Lutron’s ability to import Chinese semiconductors under the HTS 8542.39.00 product code “is essential to our ongoing research and development activities at our five U.S. engineering facilities as well as our U.S. manufacturing,” said the company in heavily redacted comments. “Lutron supports the administration’s goal to protect America’s leadership in technology and innovation” against China’s allegedly unfair practices, it said. “We are requesting an exclusion for a limited number of components that would not have any impact on convincing the Chinese” to change their behavior, it said.

The proposed duties on Chinese imports of semiconductors classified under HTS codes 8542.31.00 and 8542.32.00 “would further undermine U.S. competitiveness in information technology, threaten U.S. manufacturing and jobs, and do nothing to further the goals of the Section 301 investigation,” said Dell Technologies. “We are deeply troubled by the cumulative and self-destructive impact of Section 301 tariffs on critical information technology inputs.”

Voxx International wants five tariff lines (HTS 3903.19.00, 8529.10.91, 8544.49.20, 8536.30.80, and 8543.70.99) removed from the list of proposed duties, it said. The “subject products,” including antenna components and voltage protectors, are used “to facilitate the safe operation of finished goods and systems,” said Voxx. They’re “low-end” and “generic items, not possessing the proprietary data or materials of the finished goods which with they operate.”

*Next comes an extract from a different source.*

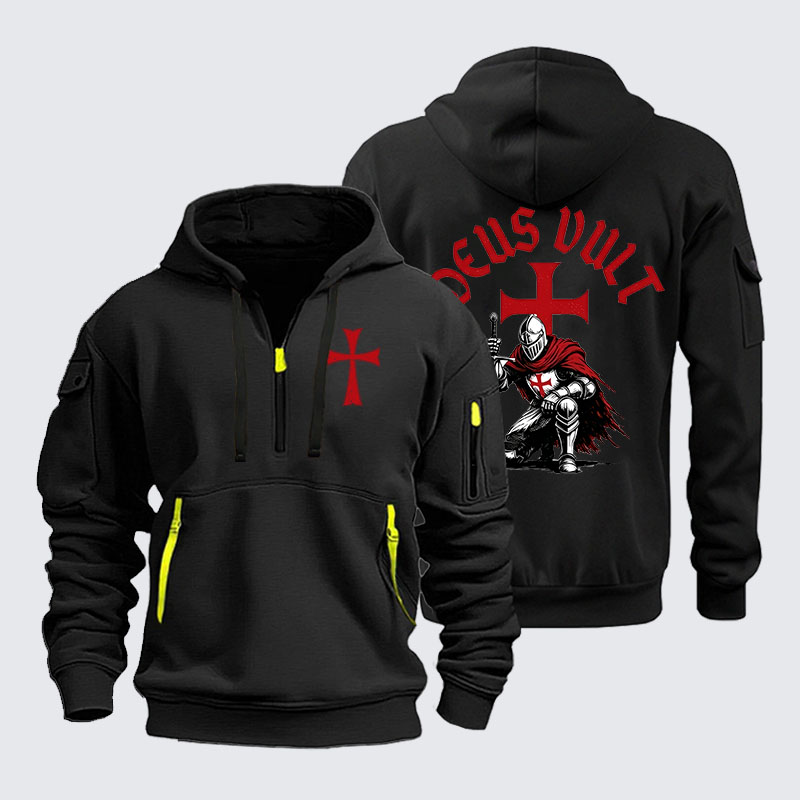 Zipper Hoodies -  Templar Knight Crusader Deus Vult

Certainty and cost” are the “two major factors in maintaining a strong, secure supply chain,” said the Retail Industry Leaders Association, which represents Best Buy, Walmart and other big-box retail chains. “Retailers need assurances that the products they sell can be made at the quality, quantity and cost our customers demand.” Though there’s “no good time for price increasing tariffs” to be imposed, “it is particularly harmful to do so just as American families begin shopping for the holiday,” said RILA. “If America’s retailers face any increase in the cost of products in the form of a tariff, it will mean higher prices at the checkout for American families this holiday season.”

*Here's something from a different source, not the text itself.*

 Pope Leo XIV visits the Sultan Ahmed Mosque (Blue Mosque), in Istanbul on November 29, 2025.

Imposing a second round of 25 percent tariffs in addition to those enacted July 6 "would make the U.S. a less attractive location for electroindustry manufacturing, an outcome no one wants," said the National Electrical Manufacturers Association in Monday comments. "The tariffs will not only impact electroindustry manufacturers’ supply chains, but also may be passed on to their customers’ supply chains and the broader U.S. industrial and infrastructure base," said NEMA. Many of the targeted products "help support capabilities and operations of many other manufacturing sectors and the built infrastructure, including the electrical grid and hospitals. While in some cases China is not the only or top source of imports for specific targeted items, in some cases they are both."

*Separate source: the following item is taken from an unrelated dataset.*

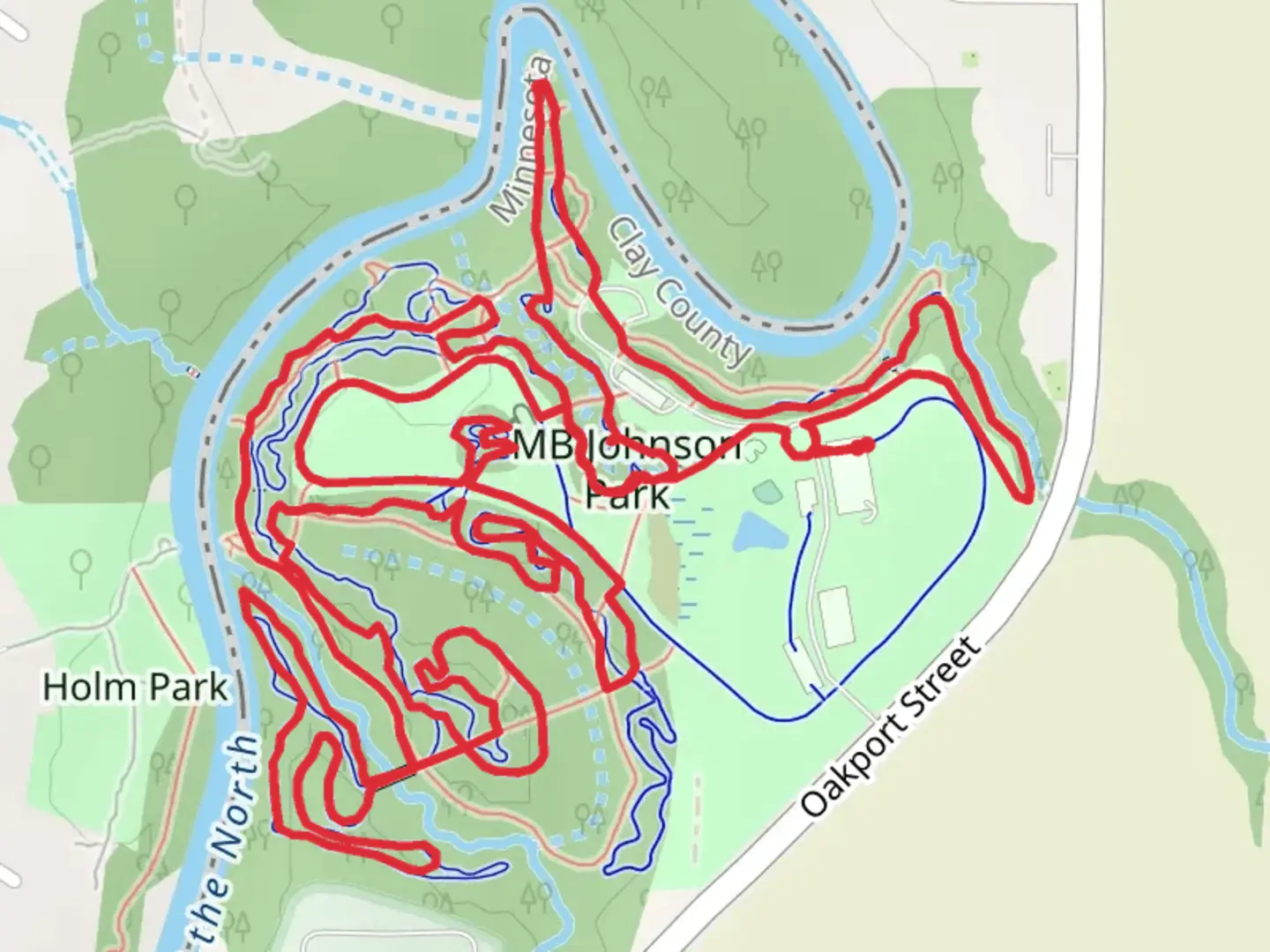 An image depicting the trail MB Johnson Park Loop and its surrounding area.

It’s time for Congress to “take back its tariff-imposing authority,” blogged Merrill Matthews, resident scholar at the Institute for Policy Innovation, Tuesday. President Donald Trump’s “tariff overreach has led to congressional pushback,” said Matthews. Constitutional framers wanted “taxing power residing in Congress, especially the House, and for good reason,” he said. “Members of Congress were considered closer to the people and the states and would be more responsive to their wishes. That is almost certainly true here, as multiple news stories highlight how working Americans are getting hit by Trump’s self-imposed tariffs.” Tariffs are taxes “that the government imposes on its own people,” he said. “Constitutionally speaking, only Congress has the power to tax -- at least until it ceded some of that authority. Congress needs to put that power back where it belongs.”